The following is a special guest submission from John Stryker Meyer, excerpted from his book “On the Ground.” Major General (ret.) Bargewell passed unexpectedly after an accident on a riding lawn mower. He was laid to rest with full military honors on Thursday, May 2.
The casualty rates for SOG recon teams were the highest for any unit in Vietnam. We all had our close calls and thus each of us was given ample opportunity for the truth of this observation to be incised on his soul. Perhaps none more so than the young, hard-charging One-Zero of RT Michigan, Sergeant Eldon Bargewell. No one who ever met him doubted his professionalism or determination. He was not only meticulous when preparing his team for a mission, and a fearless leader when on the ground, but he also possessed a biting wit and an absolute intolerance when it came to fools and REMFs—fools and REMFs being a redundancy to his way of thinking.

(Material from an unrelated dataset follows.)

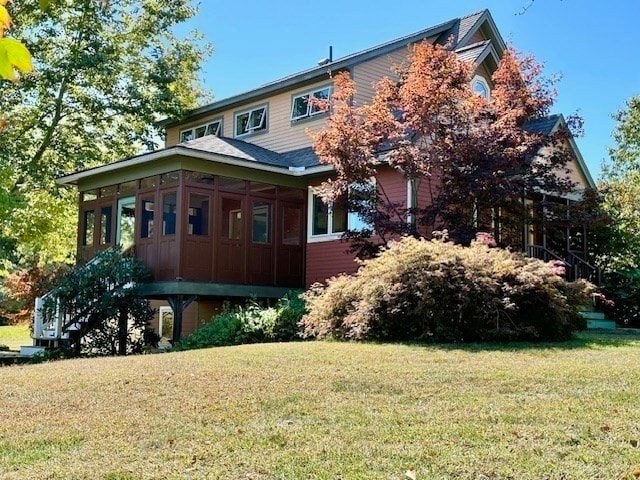 exterior space with a sunroom and a front lawn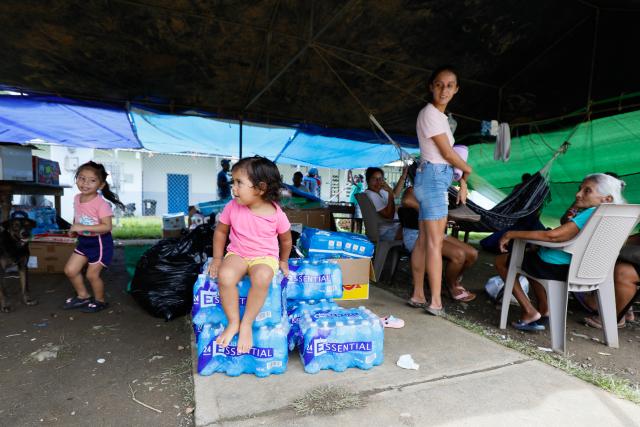 (261014) -- PANAMA CITY, Oct. 14, 2026 (Xinhua) -- This photo taken on Oct. 13, 2026 shows quake-affected residents at a temporary shelter in Llana Arriba, Herrera, Panama. (Photo by Daniel Gonzalez/Xinhua)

The moment of truth came in March 1969 during a mission in the target MA-14, which was northwest of the A Shau Valley. With Don Sheppard as his One-One and Mike Moorehouse as his One-Two, Bargewell and RT Michigan’s mission was simple: Locate an NVA regimental headquarters and way station, pinpoint the base camp, and then call in a Hatchet Force from CCS led by Jerry “Mad Dog” Schriver, on temporary assignment to CCN.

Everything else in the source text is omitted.